## STORED DATA
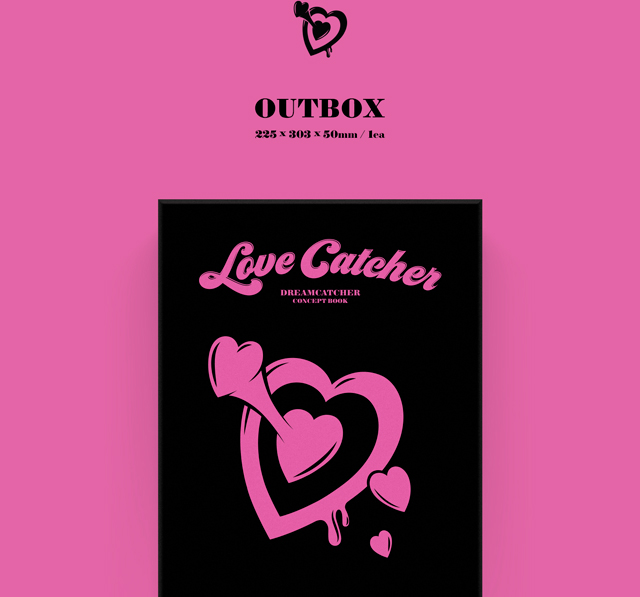 DREAM CATCHER CONCEPT BOOK[Love Catcher ver.]/DREAM CATCHER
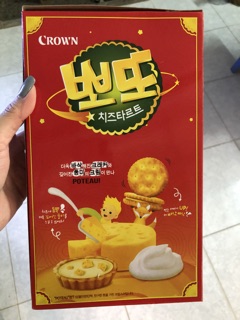 Bánh Crown phô mai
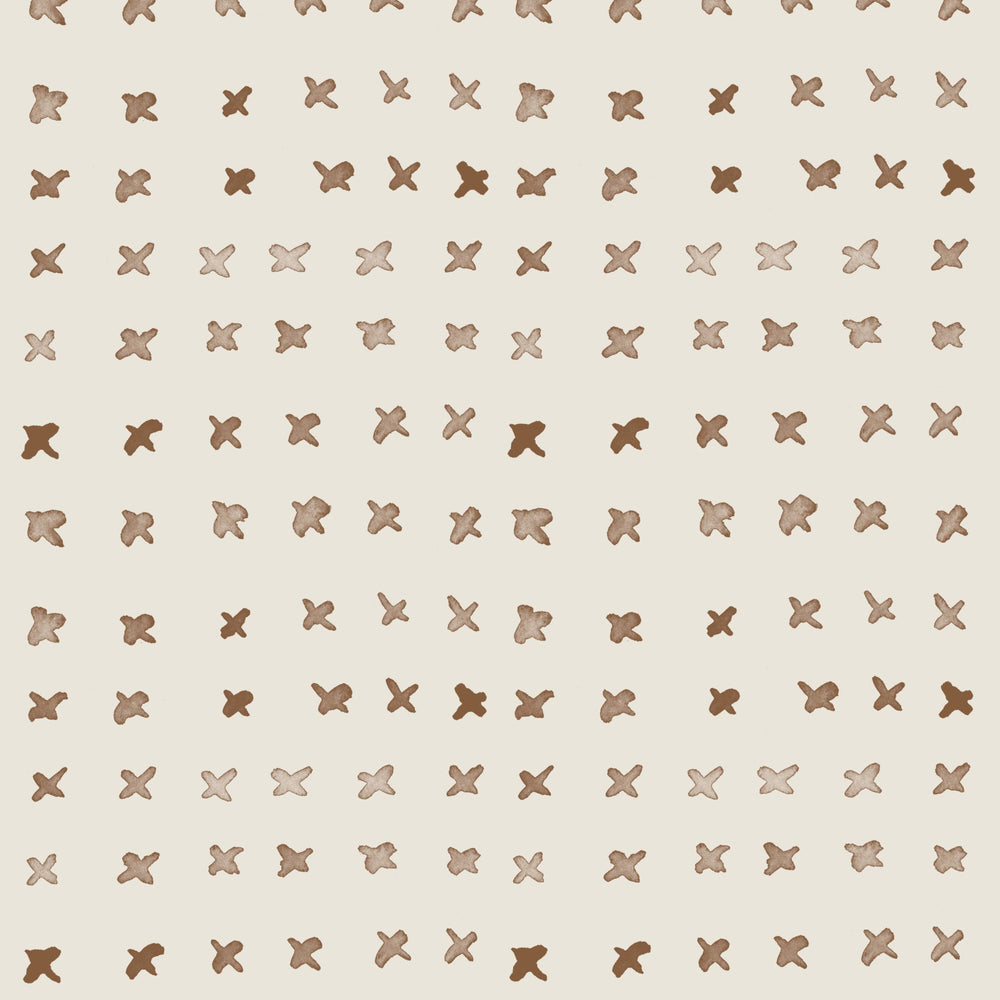 Bisous by Jess Engle Wallpaper Sample Swatch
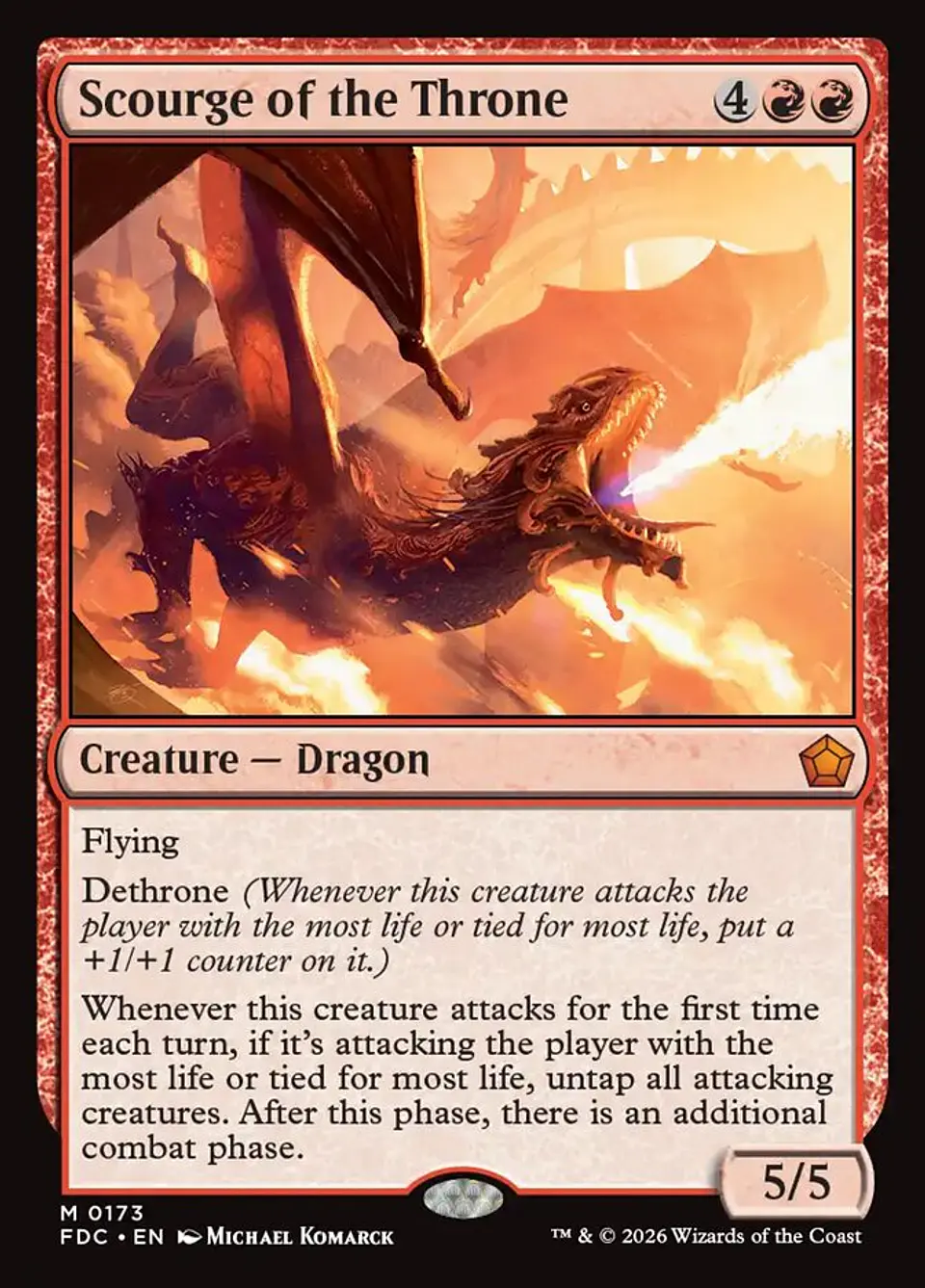 Scourge of the Throne 1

## TASK DIRECTIONS
None of the pictures should be kept; reproduce all the remaining material exactly.

## WRITTEN SOLUTION
 DREAM CATCHER CONCEPT BOOK[Love Catcher ver.]/DREAM CATCHER
 Bánh Crown phô mai
 Bisous by Jess Engle Wallpaper Sample Swatch
 Scourge of the Throne 1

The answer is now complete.